Speaking Tuesday before the Johns Hopkins University School of Advanced International Studies, Democratic socialist Sen. Bernie Sanders (I-VT) reversed course from his decades-old protectionist trade policy position, calling for the U.S., China and other countries to develop “an international progressive community that stands for social, economic, racial, and religious justice for all.”
Sanders told students of the university’s world-renowned foreign relations program:
It is time for us to stand up and say, ‘there is a better way to use our wealth.’ Let me simply say, that in order to effectively combat the forces of global oligarchy and authoritarian, we need an international movement that mobilizes behind a vision of shared prosperity, security, and dignity for all and that address the global inequality that exists not only in wealth but in political power.
Sanders continued on the importance of thinking “creatively and boldly” about ushering in a new world order against the rising threat of authoritarian regimes intent on maximizing their “access to power and wealth,’ specifically calling on the U.S. and China to put their policy differences aside to take on climate change. Sanders said:
While the authoritarian axis is committed to tearing down a post-World-War II global order that they see as limiting their access to power and wealth, it is not good enough for us to simply defend that order as it exists. We must look honestly at how that order has failed to deliver on many of its promises and how authoritarians have adeptly exploited those failures in order to built support for there agenda.
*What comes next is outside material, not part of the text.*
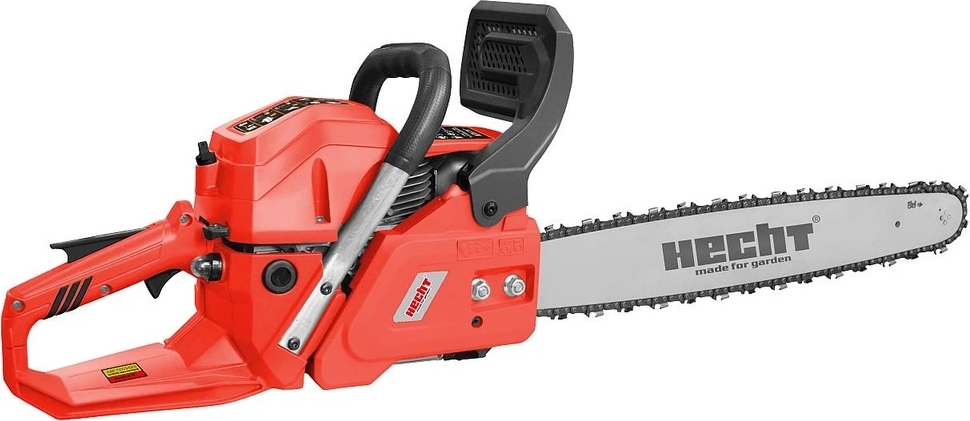 Bensindriven motorsg - 39cm svrd - 55cc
We must take the opportunity to reconceptualize ‘global order’ based on human solidarity, based on the understanding that it’s not me against you or the United States against China, but that we as a world are special with the threat of climate change are in it together, that in many ways we are going to survive by working together or we’re going to go down by the types of divisions that the authoritarians are trying to create.
“We know that those forces are working today across national borders and we must do the same and create an international progressive community that stands for social, economic, racial and religious justice for all,” he concluded.
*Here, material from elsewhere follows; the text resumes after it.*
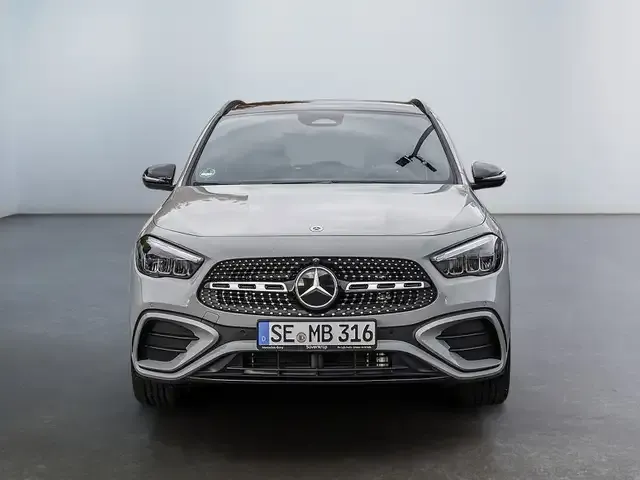 Mercedes-Benz GLA 180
Sanders remarks signal a departure from the Democrat socialist’s hawkish stance on U.S. trade relations with Beijing, which have previously included cracking down on U.S. companies shifting to China and labeling the country as a currency manipulator.
Asked during a February 2016 debate where he stood on free trade, Sanders drew a stark contrast to himself from his Democratic primary opponent Hillary Clinton, declaring he did not support “unfettered” access to U.S. markets and called for “fair trade which works for the middle class and working families, not just large multinational corporations.”
Later in the debate, Sanders, a staunch critic of the now-defunct Trans-Pacific Partnership (TPP), vowed to stop Corporate America from sending jobs to China in search of lower wages. “I will do my best to transform our trade policy and take on these corporations who want to invest in low-income countries around the world rather than in the United States of America,” said Sanders.
Sanders in 1999 opposed granting China the coveted “Most Favored Nation” status, and a year later, voted against establishing permanent normal trade relations (PNTR) with China, which later caused three million Americans to lose their jobs.